Cette approche se révèle particulièrement réaliste, notamment pour des personnes en situation administrative précaire qui ne disposent pas toujours de documents officiels continus. En ne hiérarchisant pas les modes de preuve et en acceptant une pluralité de documents courants, le juge administratif facilite la démonstration de l’ancrage territorial. Il se livre à une appréciation concrète des faits de l’espèce et reconnaît que la continuité de la vie en France peut être établie par des moyens variés, pourvu que leur accumulation dessine une présence stable et non équivoque sur la période requise.

II. Une annulation aux effets contrôlés

Si la cour censure fermement le vice de procédure, la portée de sa décision demeure néanmoins mesurée. L’annulation prononcée entraîne une conséquence automatique pour l’obligation de quitter le territoire français (A), mais elle se garde bien d’imposer à l’administration la solution de fond à adopter, se limitant à une injonction de réexamen (B).

A. L’illégalité subséquente de l’obligation de quitter le territoire

La décision portant obligation de quitter le territoire français trouve son fondement juridique dans la décision de refus de séjour qui la précède ou l’accompagne. Ces deux actes, bien que distincts, sont donc intimement liés. L’illégalité du premier rejaillit nécessairement sur la légalité du second. C’est en application de ce principe que le juge administratif fait droit à l’argumentation des requérants. Il accueille le moyen « tiré, par la voie de l’exception, de l’illégalité des décisions portant refus de séjour » pour en déduire, sans autre examen, l’illégalité des obligations de quitter le territoire français.

Ce mécanisme de l’exception d’illégalité illustre la logique du contentieux administratif de l’éloignement. La cour ne s’attarde pas à examiner les moyens propres dirigés contre les mesures d’éloignement, dès lors que leur base légale a disparu. L’annulation du refus de séjour prive de tout effet l’obligation de quitter le territoire, qui est anéantie par voie de conséquence. Cette solution, classique, assure la cohérence du raisonnement juridique et garantit qu’une mesure aussi grave que l’éloignement ne puisse reposer sur une décision administrative illégale.

B. Une injonction limitée au réexamen de la situation

L’annulation d’un acte administratif pour un vice de procédure n’emporte pas, pour le juge, l’obligation de se substituer à l’administration pour définir le sens de la nouvelle décision à prendre. La décision commentée en est une parfaite illustration. La cour enjoint au préfet de réexaminer les demandes dans un délai de deux mois, mais elle ne lui ordonne nullement de délivrer les titres de séjour sollicités. Le pouvoir d’appréciation de l’administration sur l’opportunité d’une admission au séjour à titre exceptionnel demeure donc entier, à la condition que la procédure soit cette fois-ci régulièrement menée.

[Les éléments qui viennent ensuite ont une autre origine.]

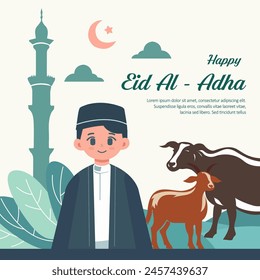 Flat eid al-adha Hintergrund mit Menschen und Tier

De plus, si le juge ordonne la délivrance d’autorisations provisoires de séjour pour couvrir la période du réexamen, il prend soin de préciser que celles-ci n’autoriseront pas leurs titulaires à travailler. Cette restriction démontre la prudence du juge, qui ne préjuge pas de l’issue finale de la procédure et maintient les requérants dans une situation intermédiaire. La portée de l’arrêt est donc circonscrite : il restaure une garantie procédurale, mais ne confère aucun droit acquis au séjour. Il renvoie la responsabilité de la décision de fond à l’administration, qui devra se prononcer à nouveau, cette fois après avoir recueilli l’avis de la commission compétente.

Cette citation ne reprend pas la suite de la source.